Jam 17.30 sore motor ojek yang
kutumpangi sampai di Pantai Baron. Sebelumnya aku ke Pantai Kukup yang tak jauh
dari Baron itu. Tukang oejk, Kelik Januarto, kuminta menungguku. Aku akan
membayarnya berlipat ganda bila dia mau menunggu hingga pencarianku selesai. Kelik
anuarto mau dan dia tidur di sebuah losmen sederhana yang aku booking selama
sehari satu malam.
Tengah malam, pukul 23.45 aku
menemukan seorang wanita yang sedang bertapa di bukit karang. Wanita itu
mengenakan baju putih dengan ikat kepala hitam menghadap ke laut. Aku
menyenerinya dengan senter kecil dan mendekatinya. Dengan santun aku duduk di
belakangnya, seperti posisi sholat, melipat kaki dan menjadi makmum wanita yang
sedang mengahadap laut selatan itu.
Syahdan, ternyata wanita itu adalah
Ibunda Segara Kidul. Dialah yang ada di dalam mimpiku dan dialah wanita setengah
baya yang akan memberikan ilmu linuwih kepadaku.
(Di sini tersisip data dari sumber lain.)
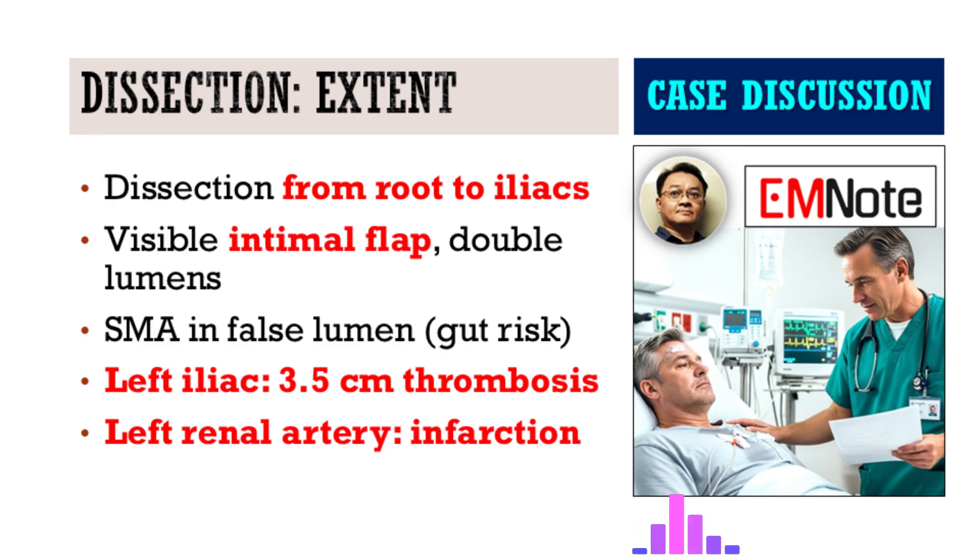The dissection involved the entire aorta — from the aortic root, ascending, descending, abdominal, all the way down to both common iliac arteries. The scan showed a clear intimal flap with double lumens running that whole length. The opening to the superior mesenteric artery was in the false lumen — a big risk for gut ischemia. Plus a thrombus, nearly three and a half centimeters long, sitting in the left common iliac artery. And critically, the dissection went into the left renal artery, causing a regional cortical infarction — killing off part of the lower left kidney. A multi-system catastrophe.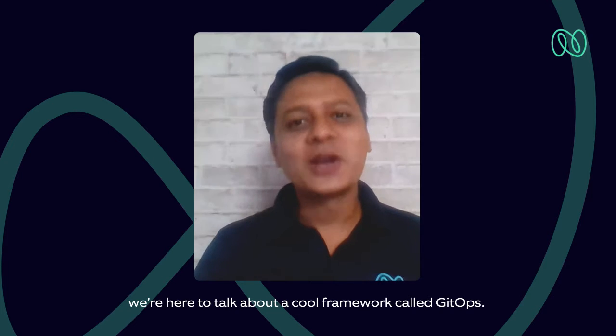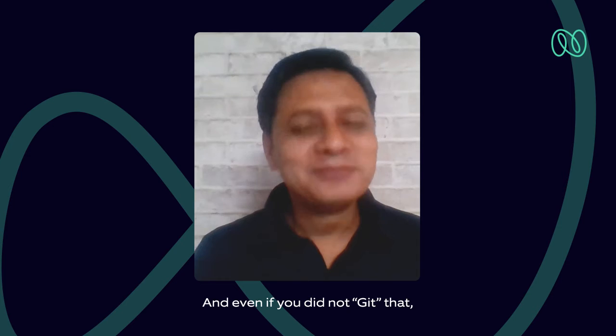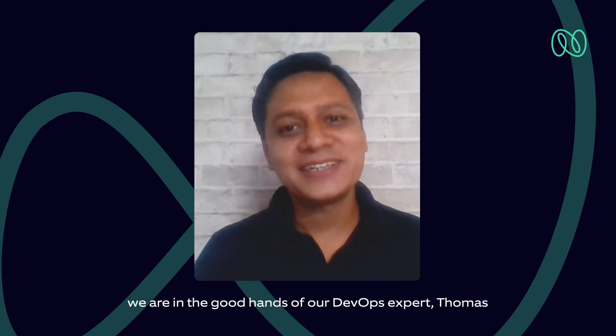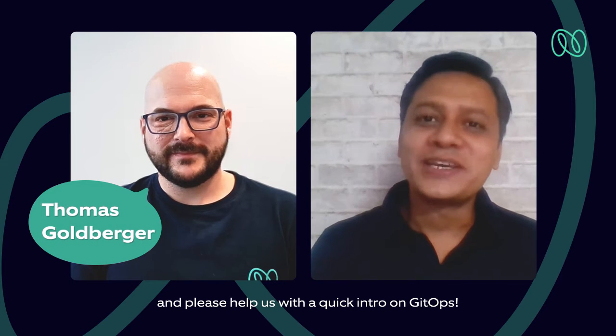Today, we are here to talk about a cool framework called GitOps. And even if you did not get that, don't worry, because to guide us with that, we are in the good hands of our DevOps expert, Thomas. Welcome, Thomas, and please help us with a quick intro on GitOps.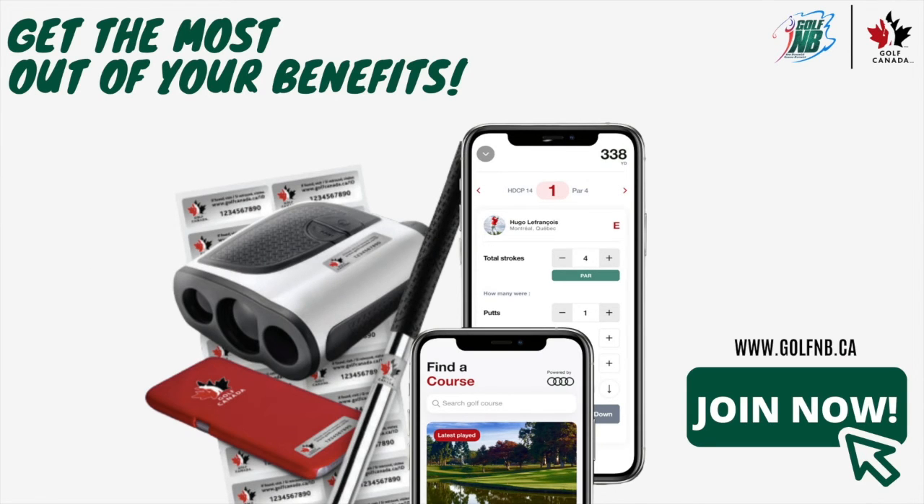Posting your score and having access to a handicap index are just one of the many member benefits that you're given with a Golf NB and Golf Canada Gold membership. Join now and learn more at golfnb.ca.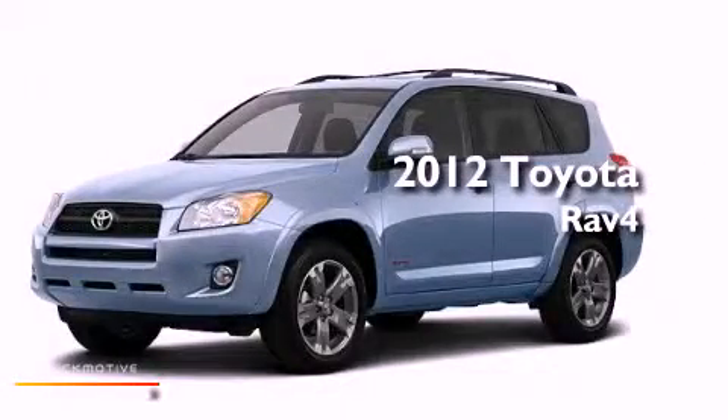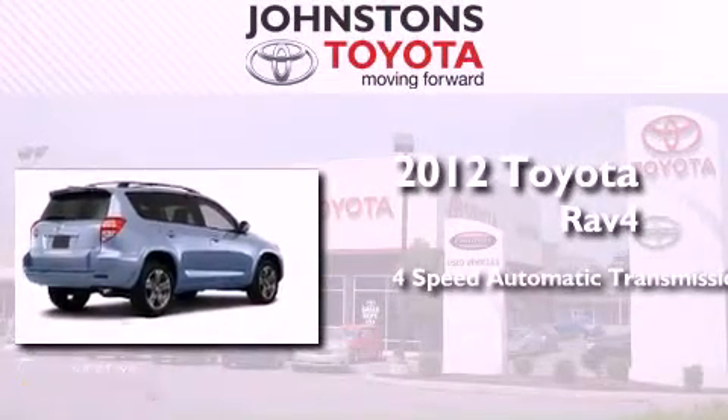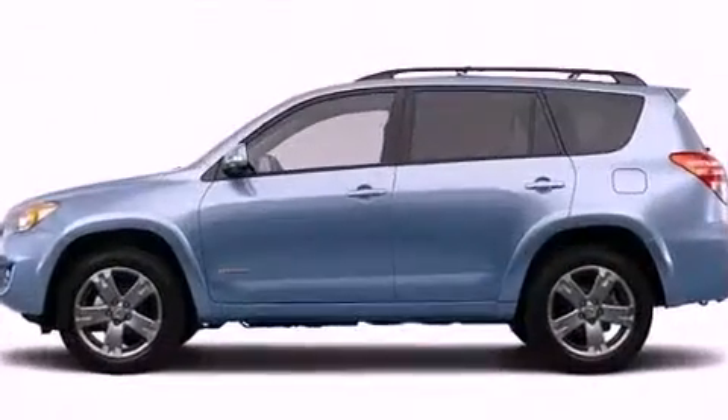This is a brand new 2012 Toyota RAV4. This crossover has an automatic transmission, an inline four-cylinder engine, and four-wheel drive.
Beberapa saat setelah aku berdoa
kepada Allah Yang Maha Besar, ibunda berbalik kepadaku. “Selamat atang Nak, kau
telah jauh dari Banten datang ke sini untuk menggali ilmu Harimau Laut. Begitu
kan maksud kedatanganmu ke mari?” tanyanya, lembut. Walau deru ombak begitu
dahsyat, namun suara wanita itu sangat jelas aku dengar dan merasuk ke saringan
telingaku. “Iya Ibunda, itulah tujuan ku datang ke mari,” desisku, sambil
mencium tangan kanannya dengan hormat.
Singkat kisah, hingga pagi dinihari,
aku diberikan mantra-mantra olehnya. Setelah menjelang subuh, aku diijazahi
olehnya ilmu Harimau Laut. “Kau muridku yang cerdas, cepat menghafalkan mantra
itu dan kau cepat menyesuaikan diri dengan ilmu Harimau Laut ini,” kata Ibunda,
memujiku, sambil mengijinkan aku segera pulang ke Tangerang, Banten.
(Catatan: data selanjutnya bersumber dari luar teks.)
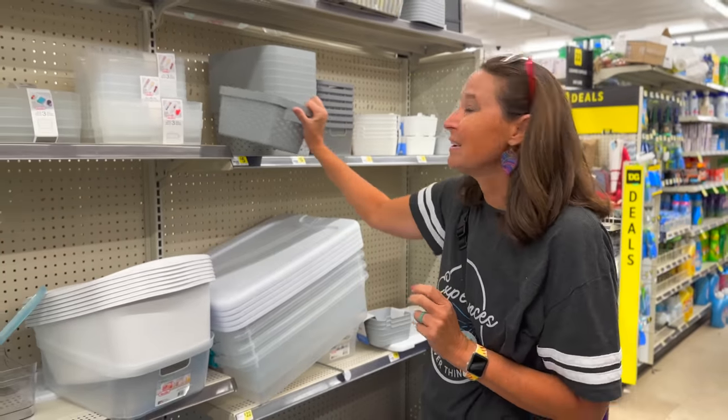Let me know in the comments which of these ideas or which store is your favorite to shop for organizational things. I'm going to put a video right here with all sorts of ideas for RV storage and organization from IKEA — that's another place you can find some really good organizational things. If we don't see you out on the road or around the campground, we'll see you in the next video.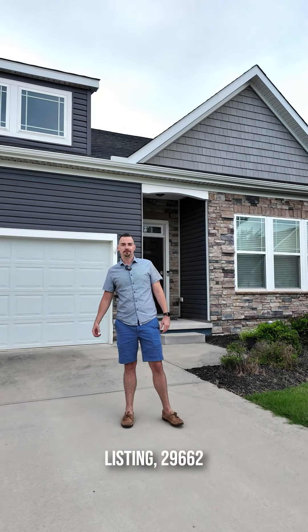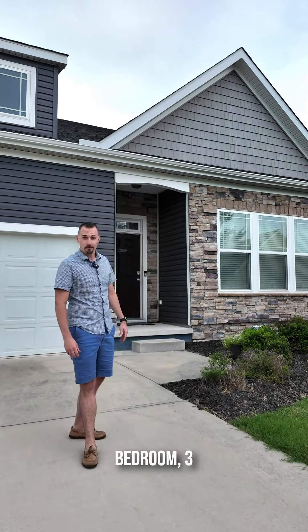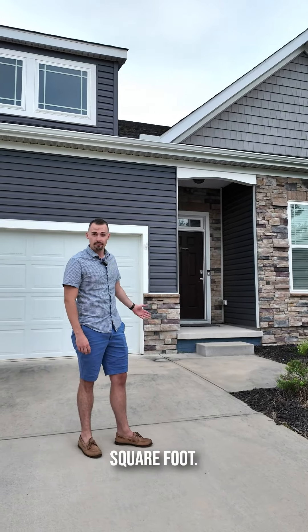Welcome to my newest listing, 29662 Riverstone Drive in Milton, Delaware. It is a four-bedroom, three-bath, 2,500 square foot. Let's go take a look.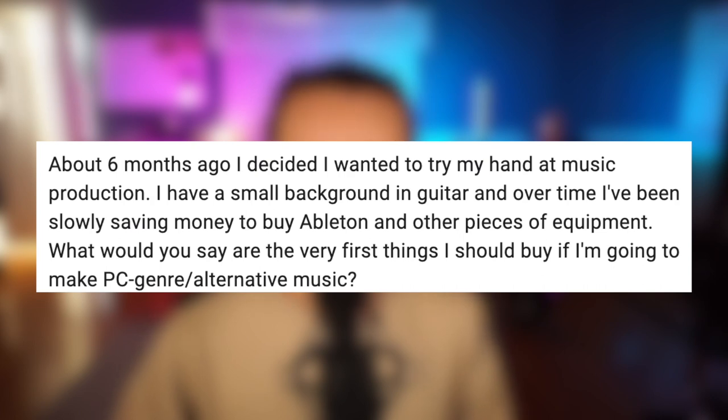About six months ago, I decided I wanted to try my hand at music production. I have a small background in guitar and over time I've been slowly saving money to buy Ableton and other pieces of equipment. What would you say are the very first things I should buy if I'm going to make PC genre or alternative music?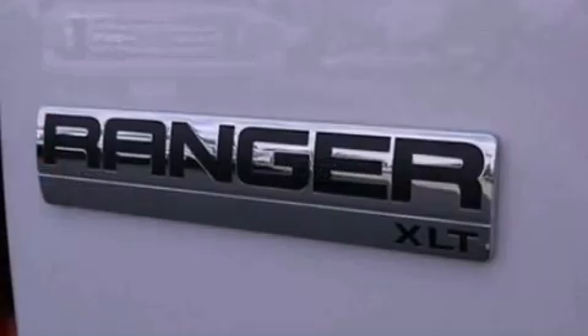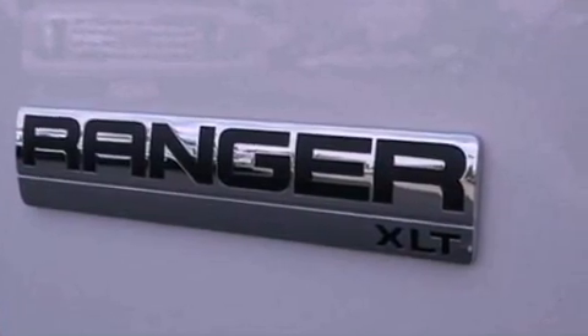Additional features include an engine immobilizer theft deterrent system, a low-tire pressure indicator, 12-volt power outlets, and fog lamps.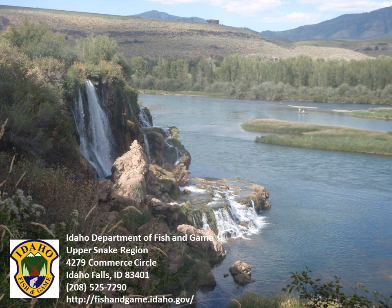Thank you for viewing this video. Please contact the Idaho Falls Regional Idaho Department of Fish and Game Office if you have questions or if you would like to learn how you can participate in cutthroat trout conservation efforts on the South Fork of the Snake River. Thank you.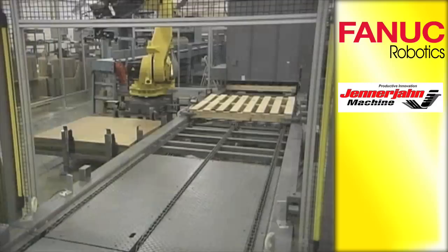Between layers and on new pallets, the robot picks up a slipsheet from a rack and places it into position.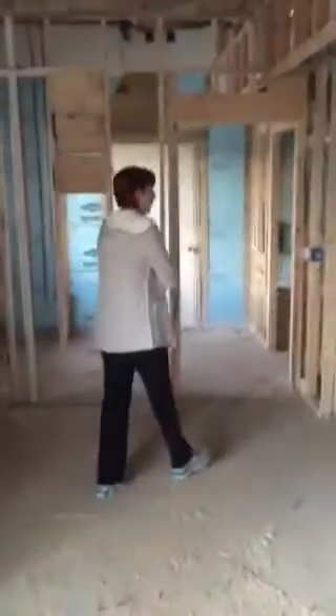Hello Peanut. You're in your new house. How do you like it? I like it. This is the mudroom.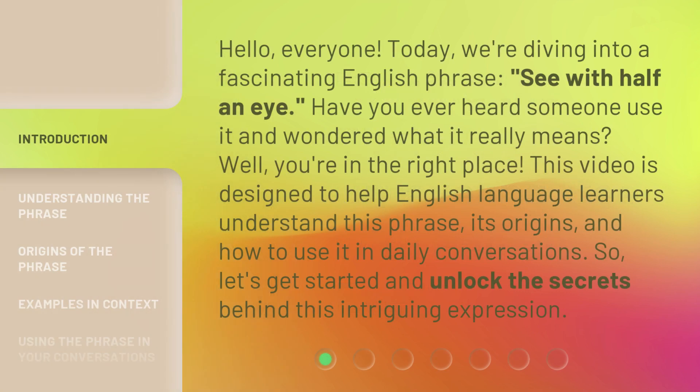Hello, everyone. Today, we're diving into a fascinating English phrase: see with half an eye. Have you ever heard someone use it and wondered what it really means? Well, you're in the right place. This video is designed to help English language learners understand this phrase, its origins, and how to use it in daily conversations. So, let's get started and unlock the secrets behind this intriguing expression.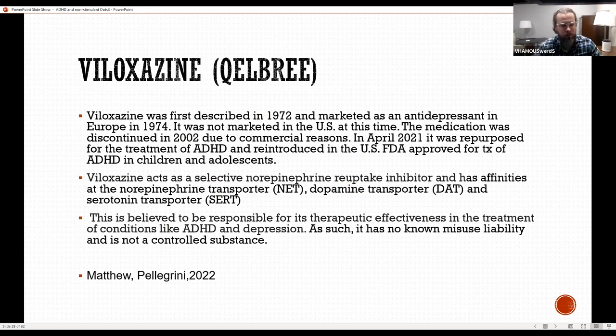Veloxazine, trade name Qelbree, is the drug I wanted to discuss today. It was first described in 1972 and marketed as an antidepressant in Europe in 1974. It wasn't marketed in the U.S. at that time and was discontinued about 20 years ago for commercial reasons. In April 2021, it was repurposed for treatment of ADHD and received FDA approval for treatment of ADHD in children and adolescents. It acts as a selective norepinephrine reuptake inhibitor with affinities for norepinephrine, dopamine, and serotonin transporters, believed responsible for its therapeutic effectiveness. It has no known misuse liability and is not a controlled substance.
Besoknya aku pulang ke Yogyakarta
dengan kelik. Aku minta diantrakan ke bandara dan menampik untuk melakukan
jalan sia-sia berwisata di kota gudhek yang anggun ini. Aku mencari tiket
pesawat dan terbang ke bandara Soekarno Hatta siang harinya. Sesampainya di
bandara Soekarno-Hatta aku langsung naik taksi menuju rumahku di kabupaten
Tangerang.
Sesampainya di desaku, Bengkali, aku
langsung menemui orangtuaku dan mencium kaki mereka bersujud. Aku mohon restu
mereka untuk melawan Raja Preman yang menakutkan itu. Ayah dan ibuku mendoakan
aku merestui aku, serta tak lupa meminta aku agar berhati-hati.
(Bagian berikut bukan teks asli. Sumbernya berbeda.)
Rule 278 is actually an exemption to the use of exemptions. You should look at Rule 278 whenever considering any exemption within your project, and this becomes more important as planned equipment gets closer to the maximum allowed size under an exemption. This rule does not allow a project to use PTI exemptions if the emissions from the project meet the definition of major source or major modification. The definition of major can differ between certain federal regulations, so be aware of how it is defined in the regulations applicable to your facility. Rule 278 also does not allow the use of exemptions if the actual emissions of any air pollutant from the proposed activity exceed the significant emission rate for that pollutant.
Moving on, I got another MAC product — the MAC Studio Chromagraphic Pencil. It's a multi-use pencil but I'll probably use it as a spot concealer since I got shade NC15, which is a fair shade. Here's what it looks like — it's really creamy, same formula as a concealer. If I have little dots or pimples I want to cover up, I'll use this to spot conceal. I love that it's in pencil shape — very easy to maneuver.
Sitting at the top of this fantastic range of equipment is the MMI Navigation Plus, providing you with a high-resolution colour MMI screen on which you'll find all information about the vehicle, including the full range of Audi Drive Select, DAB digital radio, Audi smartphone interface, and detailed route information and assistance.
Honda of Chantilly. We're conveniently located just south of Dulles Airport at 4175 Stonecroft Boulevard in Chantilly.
Sampailah hari itu setelah aku
memahami ilmu, mempelajari ilmu dan mengamalkan ilmu sakti mandraguna Harimau
Laut. Hari itu aku harus meliwati Pos Kancing ujung desa bengkali yang
menyeramkan. Di sana ada sepuluh anak buah Pamuji dan Pamuji dengan goloknya di
pinggang.
“Hai, ada kijang patah yang harus
disantap siang ini,” teriak Pamuji kepada anak buahnya, setelah melihat
kepadaku yang akn melintas, jalan kaki di depan Pos Kancing. Anak buah nya
terpingkal-pingkal tertawa mendengar istilah kijang patah dari mulut Sang Boss.
“Hei, monyet, berani-beraninya engkau
lewat dari wilayah kekuasaan kami ini. Selama ini engkau yang kami cari, eh
tahu-tahu datang menyerahkan diri. Siang ini, nampaknya, akan tamat riwayatmu
dan serahkan Arsinta yang imut itu kepadaku,” kata Pamuji, berdiri dengan
berkacak pinggang. Sedang golok tajam bersarang di pinggang kirinya.
Aku tidak bereaksi dengan kata-kata.
Aku diam menunggu dan terus memperlambat jalanku melewati Pos Kancing yang
menakutkan itu. “Mana kekasihmu yang
imut itu dan cepat serahkan kepadaku hari ini juga,” bentak Pamuji kepadaku,
dengan mata melotot seperti bola pimpong.
Aku hanya diam membisu sambil membaca
mantra sakti mandraguna warisan Ibunda Segara Kidul, mantra Harimau Laut. “Hei
pemuda bisu, bicara Lu, jangan diam aja seperti patung begok kaya gitu!” kata
anak buah Pamuji yang paling seniro, bernama Nanang Pelo.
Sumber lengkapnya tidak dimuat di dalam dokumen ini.